今シーズンの雪は凄い…という長野を抜け出し、気温+20度の屋久島へ、竈(かまど・キッチンストーブ)をつくりに行ってきました。
この竈はヨガマスターであるDario Calvaruso(ダリオ・カルヴァルーゾ)の屋久島の自邸の建設に合わせたもので、国立市に暮らしていた頃からの友人でもある、WAKUWORKSの建築家・和久倫也氏が建物を設計。かつてWAKUWORKSの事務所内にロケットマスヒーターをつくらせて貰ったこともあって、屋久島のダリオ邸のキッチンストーブを制作することになったのです。
自己探求のためにインドで15年以上に渡って旅を続け、ヨガ、哲学、サンスクリット、アーユルヴェーダを学んだというダリオは、日本が育んだ多様な文化に対して多大な関心と尊敬を持っていて、日本の文化を学びながら、自然との共生のかたちを自らが表現するには屋久島という土地が最適だと感じたのだそうです。
いま、そんな彼や彼のような外国人が増えていて、そんな彼らの姿勢から逆に、日本人が学ぶべきことはとても多い気がしています。
建物は畳が敷かれた二階の一部屋と台所のみ。
緩やかな斜面に建てたられたこの建築の住居部分は屋久島の湿度を考慮して、いわゆる高床式の建物構造。台所は南側の庭に面した一階。
薪を燃料とする竈は、正座して調理できる高さにして欲しいというダリオの希望から、インド式…というか、インドのNGOが農村部の住環境改善策としてで普及指導している Salala Stovesと名付けられたStovesを参考に、当初はこれにRocket Stoves燃焼方式を組み合わせた、一つの燃焼室からなる竈を設計していましたが、自分が屋久島に来てから、ダリオからの希望によって急遽、湯沸かし用に日本式の竈をもう一か所追加することにしたハイブリット型となりました。
今回の遠征制作は、未だかつてない多くを学ぶことができたと思っていますが、自分の今後…おそらく残りの自分の人生に対する多大な気付きをもたらしてくれたような気もしています。
地元、長野と比較して、+20度という温度差、海と山とが一体の屋久島ならではの自然環境ゆえの違い。そこから垣間見える、島の暮らしの豊かさと厳しさ。日本という国が歩んだ歴史。国という概念を超えた人間としての歩み…。
屋久島に着いたその日から島を離れる直前迄ずっと、現場と宿の往復と温泉と犬との散歩しかしていないけれど、その日々は充実に満ちていたいました。
竈(かまど)と一言で言えども、竈という存在は単なる調理道具とは異なるものだと思っています。

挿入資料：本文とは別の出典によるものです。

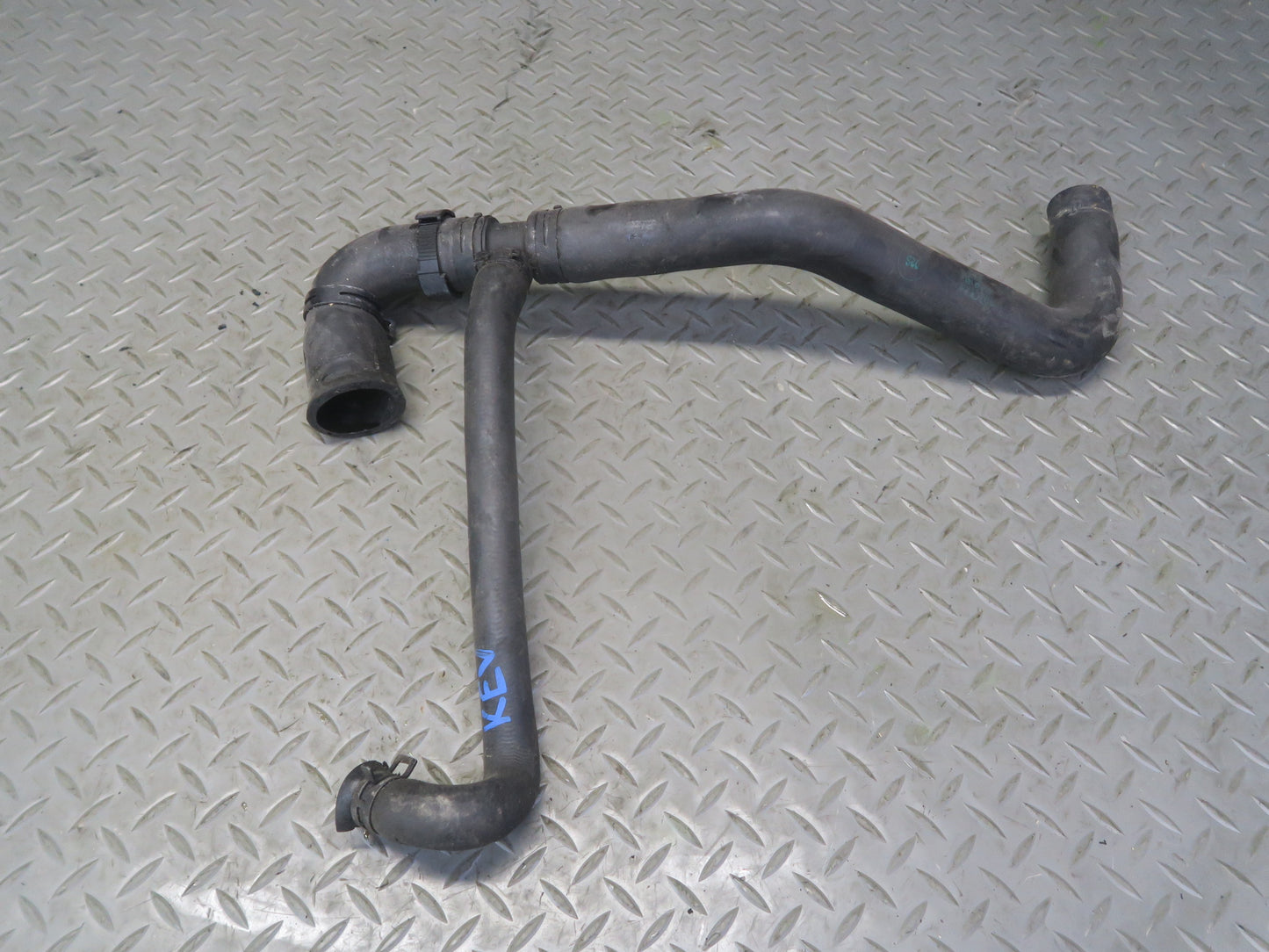 02-03 VW Eurovan T4 2.8L AXK Engine Radiator Coolant Hose Pipe Line Set OEM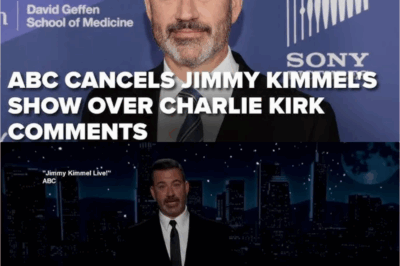 JIMMY KIMMEL SUSPENDED! ABC in CHAOS After His SHOCKING Remarks About Political Analyst’s Death — What Did He Say? Fans & Critics EXPLODE Online!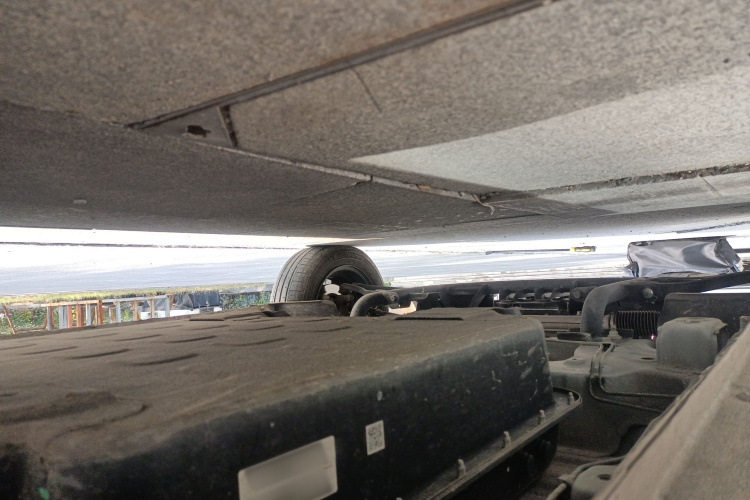 五菱汽车 宏光MINIEV 2022款 轻松款 磷酸铁锂局部细节9003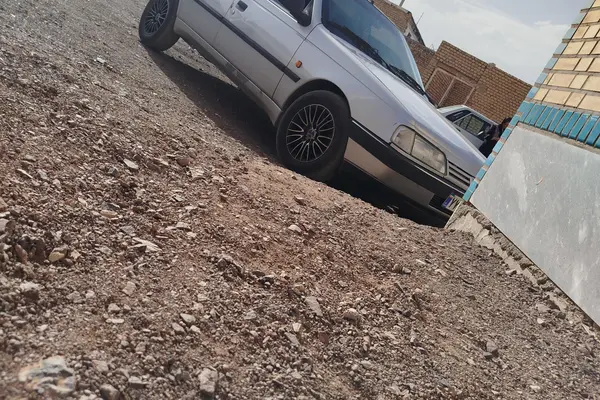 پژو  405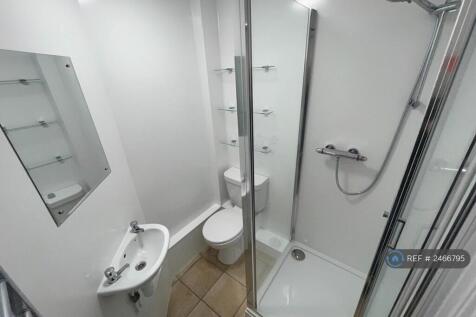 Ground Floor Bathroom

世界中の様々なそれは、多かれ少なかれ何らかの神聖さを持っていて、人は竈に祈りを捧げるその共通性は実に興味深いと思います。
どの視点から竈を捉えるかによって語る内容に違いはありますが、竈とは何かについてをあえて一言で言うとすれば、竈とは「関係性の現れ」だと自分は思っています。
例えばそれは、水と火との関係性、火と土の関係性、植物と火の関係性…などなど。
人間の命と竈の関係を紐解いてゆくと、そこに、自然とは何か ということについての答えを感じることができるのではないかとも思っています。
かつて縄文時代の竪穴式住居の中で焚かれる火の上では調理は行われていなかったのだそうです。
火は寒さや湿度を調整し、人の命を守るためのに欠かすことの出来ないものであり、そこでは当然のこと、火に対する何らかの神聖さを感じていたであろうし、その火が消えることは命の終わりにも繋がっていたと捉えることができるでしょう。
そう考えれば食物を調理することによって万が一火を消してしまうことは避けたであろうし、水を使う調理は、家の火から離れた別の場所で行ったと考えるのが自然だと思います。
その後、時代が変化して家の中で調理するようになっても、竈は火の神が宿る大切な場所として存在していました。
その竈が無くなった後、竈に宿る神は神棚へと移ったと考えることが出来ることから、日本文化の根底にあると考えることの出来る信仰の姿にとって、竈は極めて重要な手掛かりだと自分は思っています。
屋久島で採取できる粘土は赤みのある美しい粘土です。
場所によって色の違いはあるかもしれないけれど、今回の竈をつくった屋久島の南側の粘土は赤みのある土が殆どで、場所によっては、屋久島の山々を構成する花崗岩が風化して土に混ざっていて、土間と呼ばれる…三和土(たたき)をつくるために最適な真砂土に近かい土が多く出土します。
この赤土が島特有の芋に適しているのでしょう。
屋久島は一か月のうち35日は雨…と言われるほど降雨量の多い場所で、島の家の壁の殆どは木の板で覆われているようでしたが、湿度が高くカビが発生し易い環境の中であっても、少なくとも室内に於いては土と漆喰がもっと使えるのはないかと感じましたがどうなのでしょうか…。
今回のダリオの家の内部は土壁で仕上がる予定です。これに加えて室内の風通しを良くするように設計されているので、今後の屋久島の家にとっても大きな参考になることでしょう。
日本の伝統的な家屋の多くは基本的に夏の湿度を如何に和らげるかにあります。
そのことからすれば、自然共生型の家のあり方としての土の利用。
そしてそこにはきっと、火と共にある暮らしの姿があるのではないかと感じた今回の屋久島遠征でした。